[Web page caption snippets]
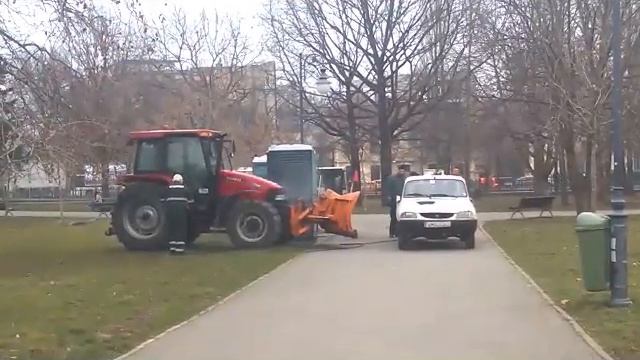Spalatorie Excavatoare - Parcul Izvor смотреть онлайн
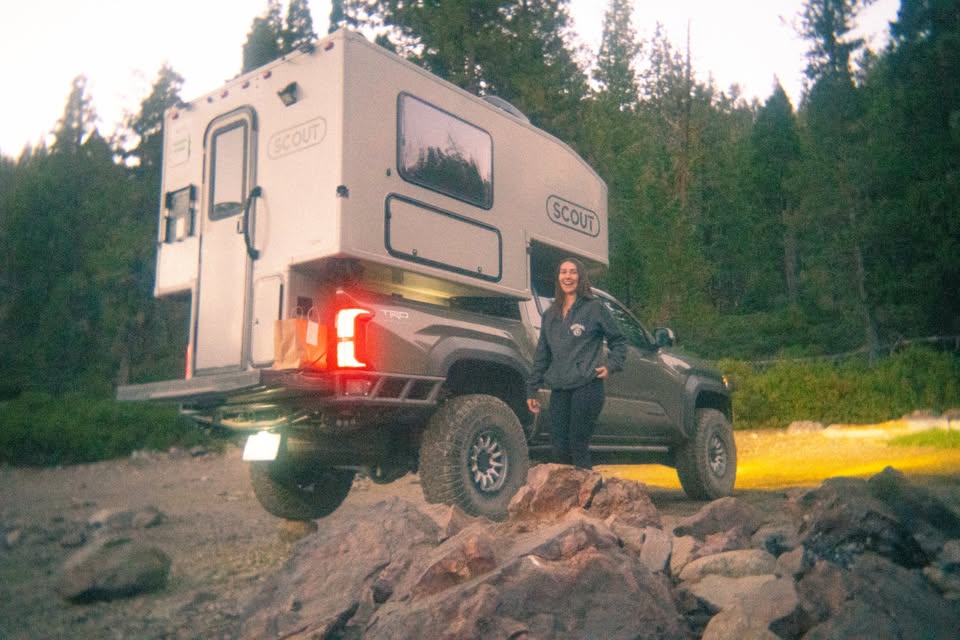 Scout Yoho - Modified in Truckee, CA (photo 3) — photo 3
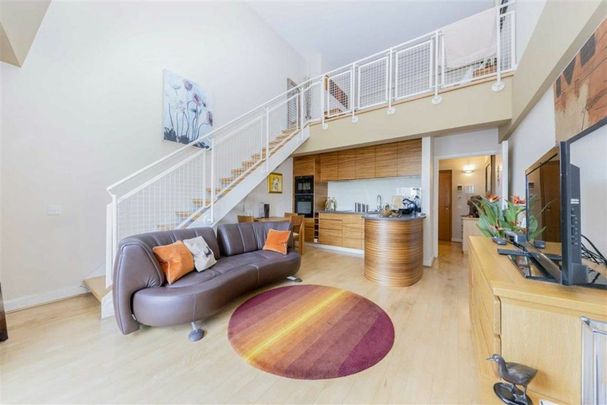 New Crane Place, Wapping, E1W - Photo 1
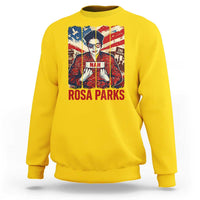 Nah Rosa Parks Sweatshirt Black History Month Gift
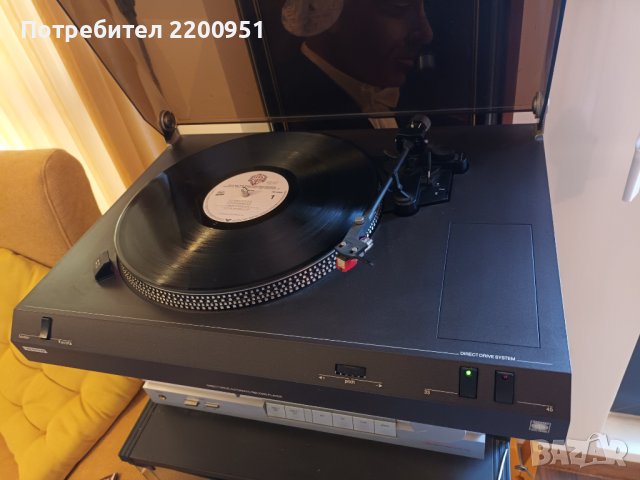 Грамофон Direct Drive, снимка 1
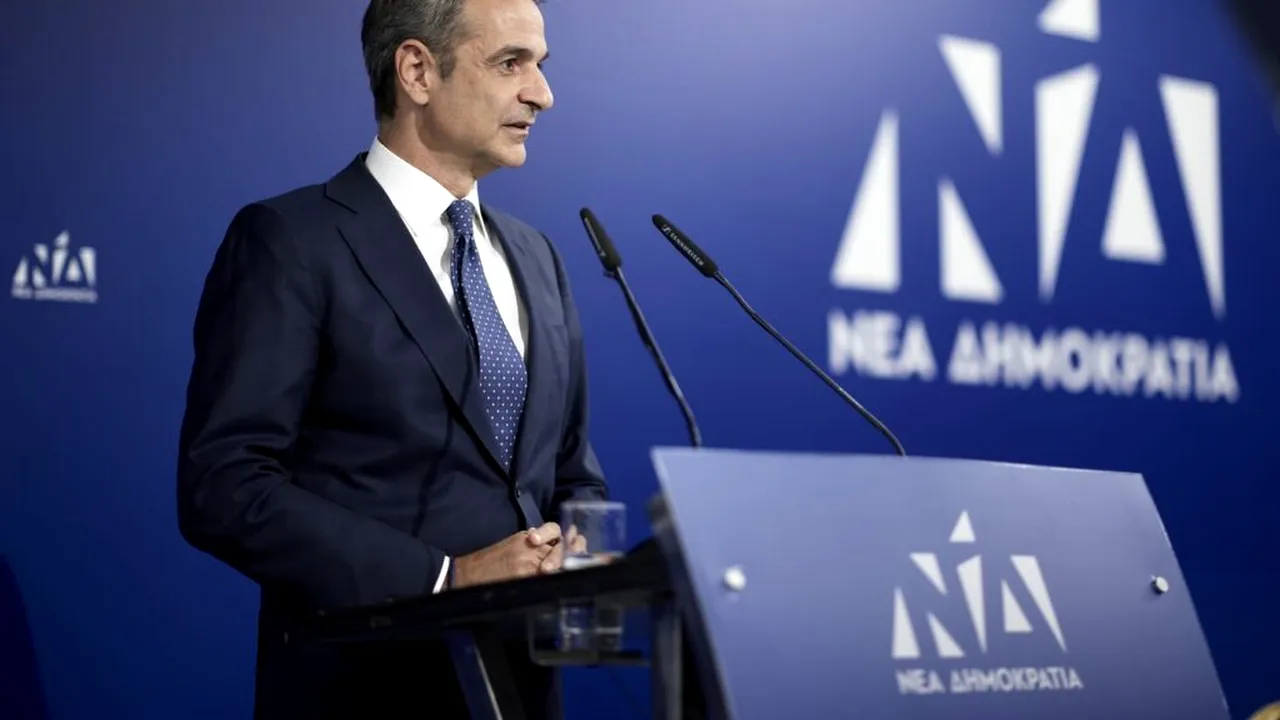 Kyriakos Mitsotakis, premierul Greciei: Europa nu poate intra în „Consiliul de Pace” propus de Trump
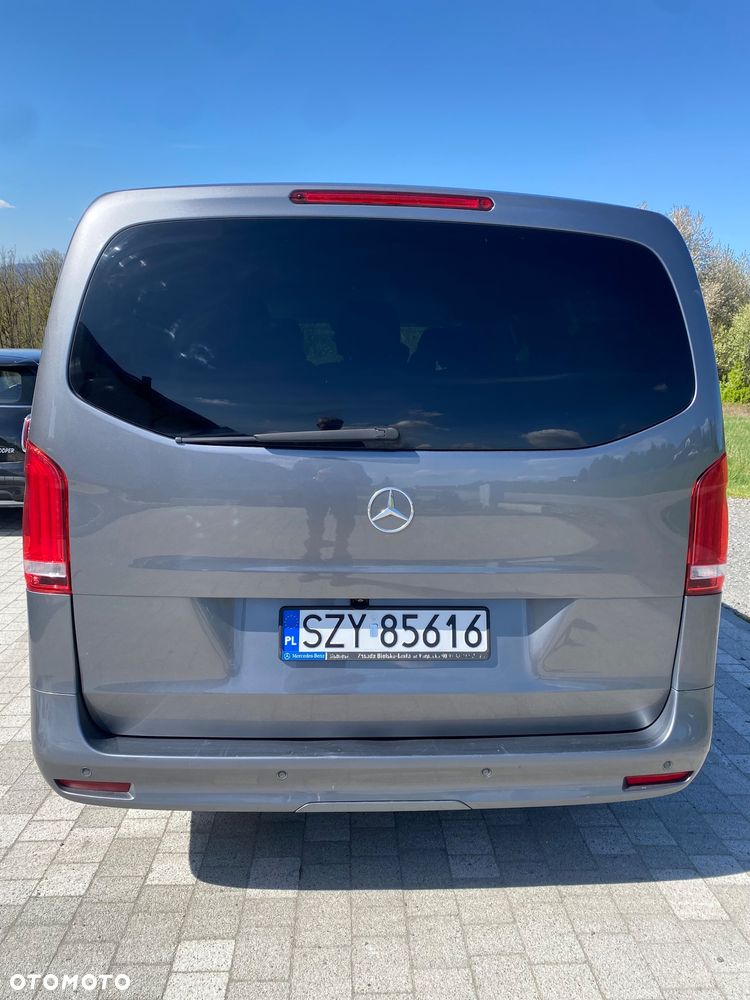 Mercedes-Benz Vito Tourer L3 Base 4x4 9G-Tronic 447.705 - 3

Exercise instructions:
From the line that holds "Nah Rosa Parks" to the last line of the records, please copy each line exactly and nothing else. Pictures stay out.

Answer to the problem:
 Nah Rosa Parks Sweatshirt Black History Month Gift
 Грамофон Direct Drive, снимка 1
 Kyriakos Mitsotakis, premierul Greciei: Europa nu poate intra în „Consiliul de Pace” propus de Trump
 Mercedes-Benz Vito Tourer L3 Base 4x4 9G-Tronic 447.705 - 3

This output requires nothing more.